What I did come away with was a lovely adjustable square as well as sliding bevel, which will join my two Vesper bevels. It's a funny thing with sliding bevels, I don't use them that often but when I do (eg plane making) I never seem to have enough. Well that's my excuse for buying it and I'm sticking to it!
I'll leave you with a selection of other exhibitors from the Festahlle Barn. I'm sorry for not including makers from the others four venues but I didn't get a chance to get round once the doors opened.
Until next time..............
Monday, 15 May 2017
Daniel kindly sent me some pictures of some of his recent projects. He's very pleased with his dovetail guide and has been putting it to good use.
This one is his tea/coffee station with some nice wedged tenons.
The next two are of his sharpening station.
Next up his radio box, he's on a roll!
Even a little hole for the Aerial
A double hinge lid for his screw gun (drill driver).
Wednesday, 10 May 2017
Here's my offering for the door prize, one of my angled dovetail boxes.
It may seem like offering sand to Arabs, but most of my work is bought by woodworkers, so I hope someone will be pleased.
There will be plenty of other great door prizes to win, not bad for a show with free entry!!!
Sunday, 7 May 2017
As well as making some jack planes I've also made a small batch of matching smoothers. They are all in highly figured ash and brown oak.
The iron is 1 1/2" wide and a massive 1/4" thick and hardened to 62 Rc.
Like the jack plane, these will only be for sale at Handworks.
Friday, 5 May 2017
I made these cute little dovetail markers just for the Handworks show. They have a 1:6 angle and are made from rippled sycamore and walnut. They are stamped and come in a protective bag.
I've got just 20, so first come first served.
Tuesday, 2 May 2017
It's been two years since I retired from plane making, after making 800 planes I'd had enough.
However I've decided to make a small batch of planes to take to Handworks.
With all the restrictions on exotic timbers I've used some lovely UK timbers.
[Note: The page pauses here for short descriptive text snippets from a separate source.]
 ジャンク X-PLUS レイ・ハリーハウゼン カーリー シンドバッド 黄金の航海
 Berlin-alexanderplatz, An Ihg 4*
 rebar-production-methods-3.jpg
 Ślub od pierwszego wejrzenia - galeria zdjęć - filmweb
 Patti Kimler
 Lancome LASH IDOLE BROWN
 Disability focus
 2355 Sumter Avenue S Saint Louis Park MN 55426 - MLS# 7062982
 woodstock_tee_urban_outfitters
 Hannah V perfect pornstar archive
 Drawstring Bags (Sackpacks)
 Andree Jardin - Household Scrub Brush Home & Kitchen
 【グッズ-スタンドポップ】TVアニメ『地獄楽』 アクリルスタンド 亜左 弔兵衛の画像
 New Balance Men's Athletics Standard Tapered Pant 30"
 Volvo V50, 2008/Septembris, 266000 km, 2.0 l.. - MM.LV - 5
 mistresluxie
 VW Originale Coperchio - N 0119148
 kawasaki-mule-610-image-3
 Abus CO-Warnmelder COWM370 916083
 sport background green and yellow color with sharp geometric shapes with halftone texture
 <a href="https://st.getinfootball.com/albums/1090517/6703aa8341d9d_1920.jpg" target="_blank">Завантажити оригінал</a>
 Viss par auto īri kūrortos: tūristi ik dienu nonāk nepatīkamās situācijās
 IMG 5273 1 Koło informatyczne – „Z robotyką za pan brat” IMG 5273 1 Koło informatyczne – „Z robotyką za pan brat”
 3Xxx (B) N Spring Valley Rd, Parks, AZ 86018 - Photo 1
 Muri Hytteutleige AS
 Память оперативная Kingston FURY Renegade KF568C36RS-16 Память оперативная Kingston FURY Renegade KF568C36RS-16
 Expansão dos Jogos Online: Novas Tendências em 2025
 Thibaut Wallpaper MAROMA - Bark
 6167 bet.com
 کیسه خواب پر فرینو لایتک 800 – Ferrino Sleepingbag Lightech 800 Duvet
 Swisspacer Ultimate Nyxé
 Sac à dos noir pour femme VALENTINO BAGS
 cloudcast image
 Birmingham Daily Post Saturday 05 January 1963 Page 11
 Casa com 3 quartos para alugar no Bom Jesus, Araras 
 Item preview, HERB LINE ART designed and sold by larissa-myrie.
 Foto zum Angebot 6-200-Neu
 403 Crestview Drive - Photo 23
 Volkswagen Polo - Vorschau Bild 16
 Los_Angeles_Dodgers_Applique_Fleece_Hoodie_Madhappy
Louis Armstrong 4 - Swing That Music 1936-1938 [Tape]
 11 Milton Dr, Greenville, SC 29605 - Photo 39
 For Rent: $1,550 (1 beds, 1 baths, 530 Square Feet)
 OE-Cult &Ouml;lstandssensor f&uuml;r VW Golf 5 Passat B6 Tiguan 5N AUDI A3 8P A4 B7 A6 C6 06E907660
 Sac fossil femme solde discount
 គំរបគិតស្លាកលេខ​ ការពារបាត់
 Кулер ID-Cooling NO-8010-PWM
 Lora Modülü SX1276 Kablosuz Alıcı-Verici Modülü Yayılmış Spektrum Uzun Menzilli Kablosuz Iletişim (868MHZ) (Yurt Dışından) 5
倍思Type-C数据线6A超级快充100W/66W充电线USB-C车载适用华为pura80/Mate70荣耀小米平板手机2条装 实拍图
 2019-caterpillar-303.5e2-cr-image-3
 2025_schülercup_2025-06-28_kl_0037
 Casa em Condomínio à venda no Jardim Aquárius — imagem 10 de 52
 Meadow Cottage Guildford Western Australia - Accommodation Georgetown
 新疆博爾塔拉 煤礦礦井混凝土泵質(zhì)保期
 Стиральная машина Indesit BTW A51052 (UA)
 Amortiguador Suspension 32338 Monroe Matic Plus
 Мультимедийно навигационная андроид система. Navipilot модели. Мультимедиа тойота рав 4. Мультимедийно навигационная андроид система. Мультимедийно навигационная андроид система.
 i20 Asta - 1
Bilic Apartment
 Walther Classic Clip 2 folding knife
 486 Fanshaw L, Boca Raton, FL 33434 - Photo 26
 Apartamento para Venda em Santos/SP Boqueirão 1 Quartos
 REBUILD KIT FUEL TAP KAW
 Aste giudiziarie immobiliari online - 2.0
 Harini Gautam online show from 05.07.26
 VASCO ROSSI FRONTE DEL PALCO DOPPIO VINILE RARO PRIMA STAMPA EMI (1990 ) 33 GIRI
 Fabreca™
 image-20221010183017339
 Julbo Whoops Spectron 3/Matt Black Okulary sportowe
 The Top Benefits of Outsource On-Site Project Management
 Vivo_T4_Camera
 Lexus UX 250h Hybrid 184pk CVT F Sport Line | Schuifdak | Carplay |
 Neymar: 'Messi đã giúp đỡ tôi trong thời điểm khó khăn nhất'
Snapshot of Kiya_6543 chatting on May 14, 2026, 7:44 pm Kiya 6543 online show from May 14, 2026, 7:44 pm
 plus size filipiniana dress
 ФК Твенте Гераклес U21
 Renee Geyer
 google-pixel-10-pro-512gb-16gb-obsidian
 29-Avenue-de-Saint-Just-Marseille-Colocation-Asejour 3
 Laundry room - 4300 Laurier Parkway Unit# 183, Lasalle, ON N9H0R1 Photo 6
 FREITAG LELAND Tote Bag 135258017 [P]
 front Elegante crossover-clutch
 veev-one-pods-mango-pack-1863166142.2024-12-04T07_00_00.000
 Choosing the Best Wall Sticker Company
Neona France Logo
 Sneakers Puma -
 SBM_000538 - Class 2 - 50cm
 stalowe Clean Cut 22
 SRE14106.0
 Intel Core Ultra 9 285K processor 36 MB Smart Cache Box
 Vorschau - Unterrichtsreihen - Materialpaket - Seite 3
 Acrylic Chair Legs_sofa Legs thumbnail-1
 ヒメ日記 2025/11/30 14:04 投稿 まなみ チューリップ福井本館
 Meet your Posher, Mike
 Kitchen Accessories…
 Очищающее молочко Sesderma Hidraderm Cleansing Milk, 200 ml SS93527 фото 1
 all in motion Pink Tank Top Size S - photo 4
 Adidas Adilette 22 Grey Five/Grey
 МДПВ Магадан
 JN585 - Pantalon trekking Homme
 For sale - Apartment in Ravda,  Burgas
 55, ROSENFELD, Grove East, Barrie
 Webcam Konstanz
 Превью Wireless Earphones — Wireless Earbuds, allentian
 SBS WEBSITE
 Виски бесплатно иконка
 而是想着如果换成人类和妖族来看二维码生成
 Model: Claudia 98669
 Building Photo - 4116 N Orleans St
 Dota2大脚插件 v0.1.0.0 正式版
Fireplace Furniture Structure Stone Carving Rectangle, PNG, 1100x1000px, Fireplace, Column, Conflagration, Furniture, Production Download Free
For these two it's brown oak and some highly rippled ash.
Although the basic outline of these jack planes is the same as my previous design the shaping is different, instead of rounding everything I've used compound curves which come to a tactile edge where they meet the sides. This is all hand work (appropriately), starting with a spoke shave followed by rasps and then finished with specially made curved sanding blocks. It's time consuming and hard work.
The result is very nice to hold and the gentle curves remind me of the shaping of chair seats which only need a moderate curve to be comfortable.
I made a few others using birds eye maple and some nicely figured oak (one in brown oak). These had a more curvaceous front than the first two.
The maple and oak is a more subtle blend than with the brown oak, not sure which I prefer.
The figured oak is rock hard as well as attractive.
Here's a good shot of the intersection of the two compound curves.
All the planes are stamped on the curved toe, which needed to be done with care.
I finished the oak and ash with four coats of hand rubbed melamine lacquer which was used to fill the pores of the open grained wood. This was then sanded smooth and five coats of Liberon finishing oil applied (one every two days) for a lustrous sheen.